In contrast to the reasonably good stretches of road farther away, the sections near Nairobi were terrible. In addition to the standard broken pavement and potholes, another phenomenon could be observed. In cross-section, the rutted pavement looked like two capital letter Us side by side, connected by a convex curve in the middle. This pattern had obviously been generated by overloaded trucks and an underconstructed highway. Someone probably made money on underbuilding the highway, and someone else was probably continuing to make money by allowing overloaded trucks to travel it. Without even careful observation, it was obvious that Kenya imported heavier goods (machinery, vehicles, and equipment) than it exported (flowers, coffee, tea). The road ruts were much deeper on the highway coming into Nairobi (sometimes a foot deep) than they were going out to Mombasa.

Despite the road, we were looking forward to visiting Tsavo, which is a large but lesser visited game park. It was made somewhat famous by the movie The Ghost and the Darkness with Michael Douglas and Val Kilmer. The very scary movie, based on the book The Man-eaters of Tsavo, tells the true story of a pair of lions at the turn of the twentieth century who sought out humans to kill and eat. During this period when the Trans-Kenyan Railway was being built, these lions killed over one hundred people. Since the period described in the movie, the lions from Tsavo have been involved in numerous other killings. Some people have speculated that these lions are a different and more aggressive subspecies. Studies have supposedly shown that the Tsavo lions have shorter manes and a higher level of testosterone than lions found elsewhere. We didn’t know how much was real and how much was hype for the tourists, but we were going to be careful.

The warden’s house was spacious with lots of beds for the eight of us. Wendy and I got lucky and slept in the master bedroom. Despite being in the middle of nowhere, the house came with comforts. The caretaker was our cook, and he had a stove that ran on bottled gas. The diesel generator ran when we needed light. There was even a hot water heater that consisted of two recycled steel drums with a fire pit underneath. When we wanted to take a hot shower, we just asked the caretaker to build a fire.

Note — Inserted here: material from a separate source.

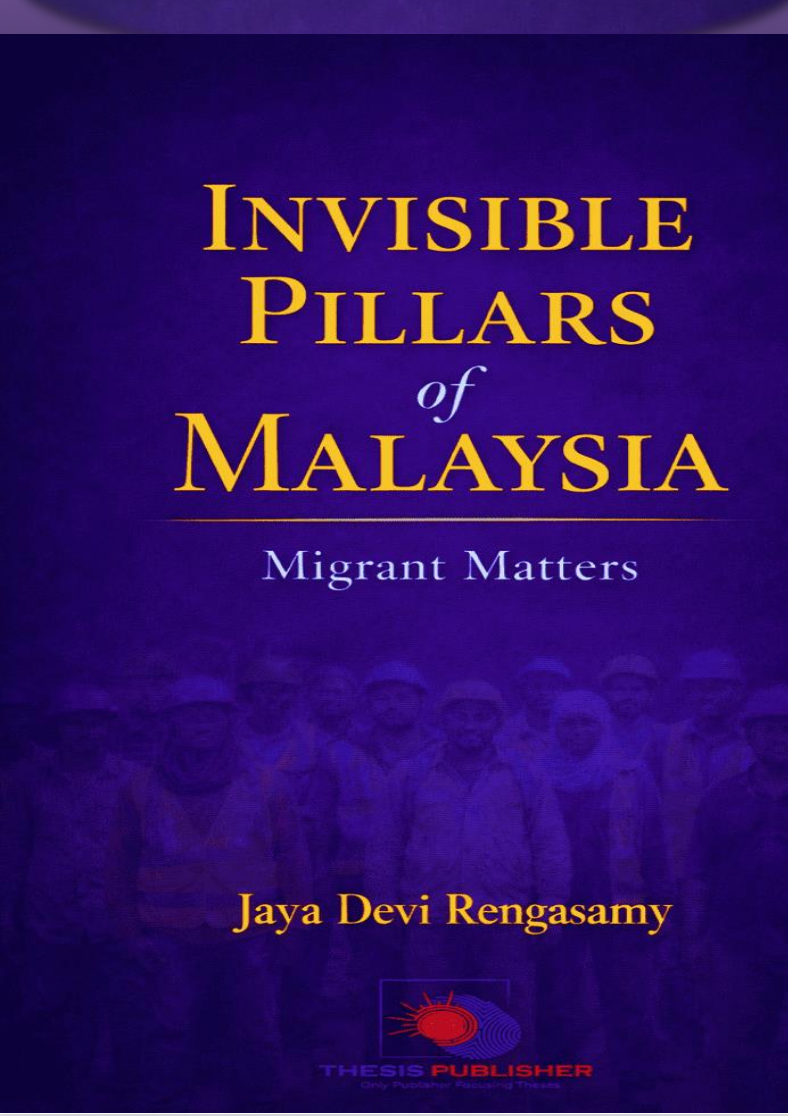 Cover of Invisible Pillars of Malaysia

The major attraction of the house was a porch with viewing deck above, which faced a waterhole. We looked forward to seeing the game in close proximity, but based on experience, we knew that came with potential downsides. We asked the caretaker if it was necessary to close all the windows at night to keep out baboons. He said baboons weren’t a problem but not to go out after 11:00 p.m. because that’s when lions often came to the watering hole. Every night, we were all safely locked inside the house well before 11:00 p.m.

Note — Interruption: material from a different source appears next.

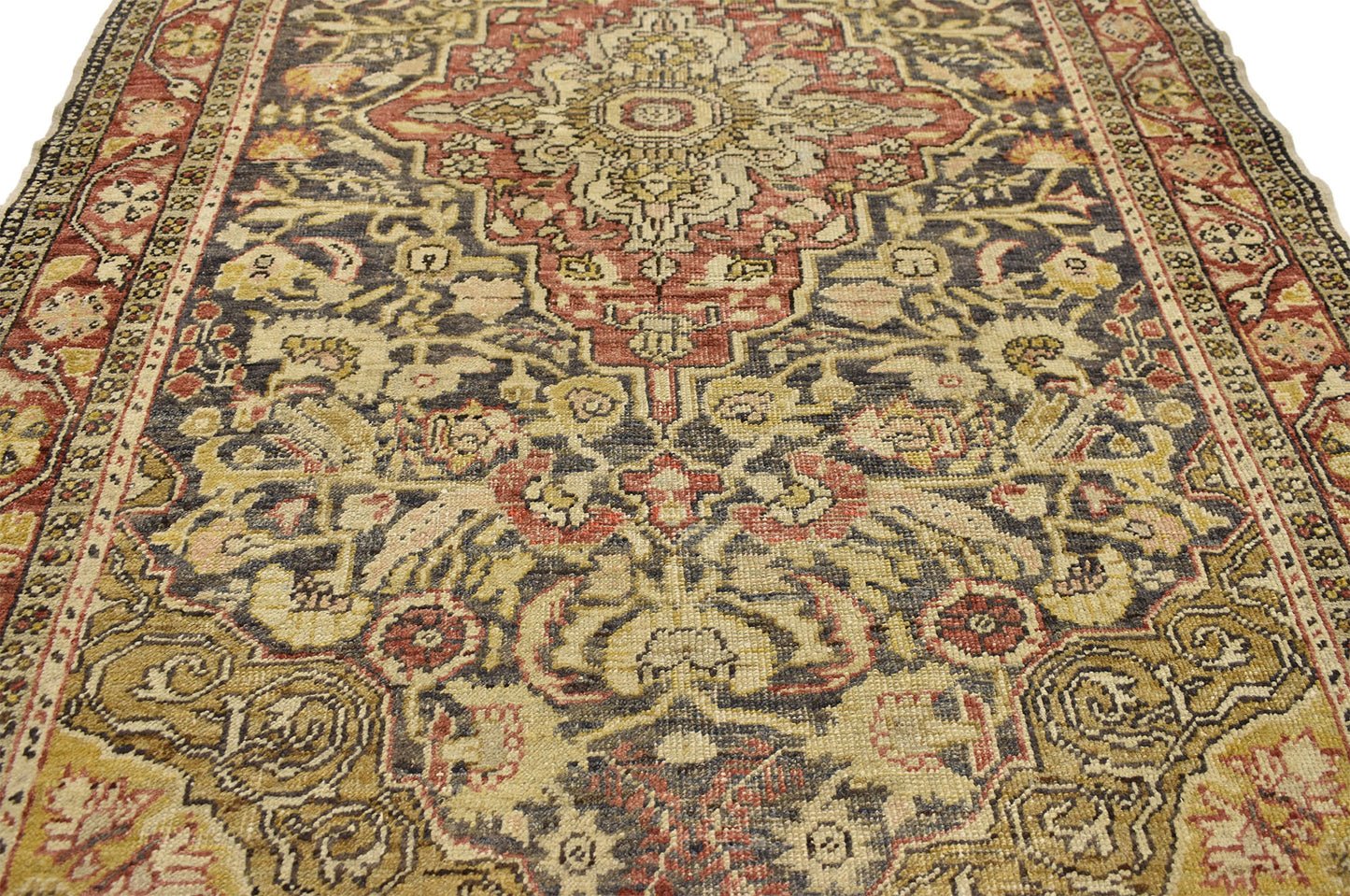 4 x 7 Antique Turkish Sivas Rug 50245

After settling into our rooms and having a nice “sundowner” gin and tonic on the viewing deck, we all sat down to dinner on the front porch. Only one couple knew everyone in the group. The rest of us felt like we were part of a group that had been assembled for some auspicious (or suspicious) activity that was about to unfold. It was like the opening scene in one of those movies where someone in the group gets murdered in the middle of the night and the rest of the group is trapped and can’t leave.

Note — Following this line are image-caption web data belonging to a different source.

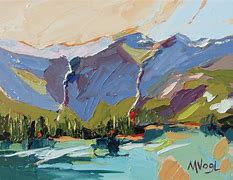 Image result for Abstract Landscape Art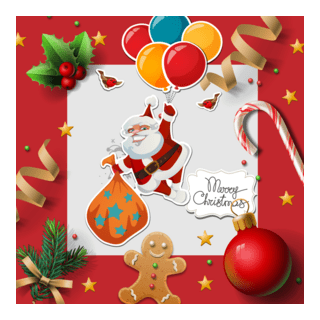 merry christmas Logo PNG Vector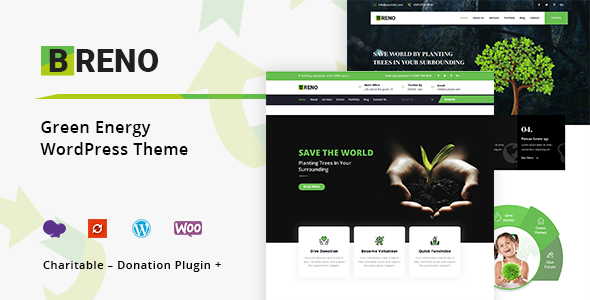 Breno – Green Energy WordPress Theme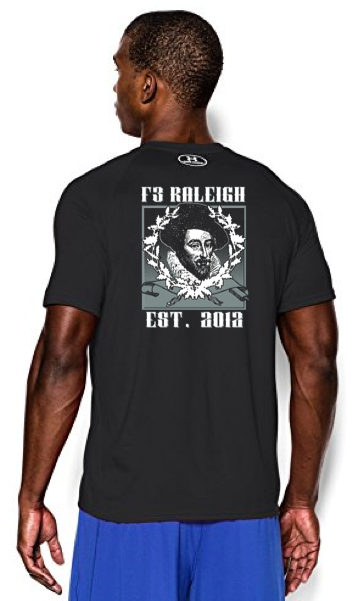 F3 Raleigh 5th Anniversary Special Shirt Pre-Order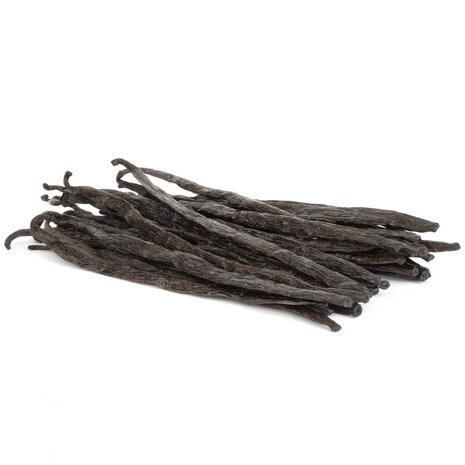 10 vanillestokjes uit OEGANDA Gourmet +18 cm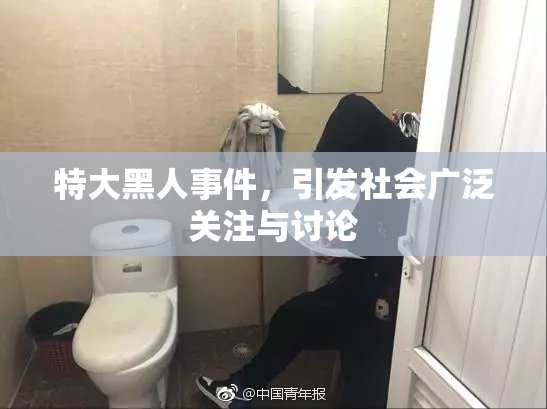 特大黑人事件，引发社会广泛关注与讨论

As we ate and drank, the mood lightened up, and we became fascinated by the geckos climbing on the brick wall next to the dining table. Five geckos were congregating around the lightbulb, which naturally was attracting large moths and other insects. The geckos were like a group of teenage males out for a Friday night adventure. They were hanging out together but competing at the same time. We became fascinated as they would carefully stalk the moths so as to not scare them off and then pounce when they got just close enough. The competitive stakes were high because the gecko that captured each moth got to eat it all. All of the geckos were incredibly fast, but there was one who outshone the rest and got to eat a lot more moths. Another was very clever and was able to catch a cricket. As the alcohol flowed, we became more and more engaged and entertained by the details of the digestion as well as the capture. The geckos invariably caught the moths by the tail and then proceeded to devour them like a snake swallowing a pig. The moths continued to wriggle around and flap their wings as if to escape, but none ever did. Once they were caught by the geckos, the end was inevitable.

The waterhole adjacent to the house did not disappoint. During the day, various animals wandered up to have a drink or a splash and then wandered away. We saw impala, waterbucks, and warthogs. But the real action was at night. In addition to the smaller game, a family of elephants visited both nights; and on Saturday night, we were visited by a herd of fifty buffalo.

Elephants and buffalo weren’t our only night visitors. During dinner, one of our fellow guests used the bathroom off our bedroom. Shortly after emerging, he stated that there was a “monster in our bathroom sink.” I went in to check and everyone on the veranda heard when I yelled out a two-word expletive. In the sink was what appeared to be a very sturdy spider more than six inches in diameter. Upon further observation, it might have been an insect since it seemed to walk on only six legs. But then there were the two additional forelimbs that ended in menacing pincers, certainly for grasping and conveying prey to its mouth. It could have easily been a model for those movie creatures that come from outer space to take over the world. Thank goodness the light was on.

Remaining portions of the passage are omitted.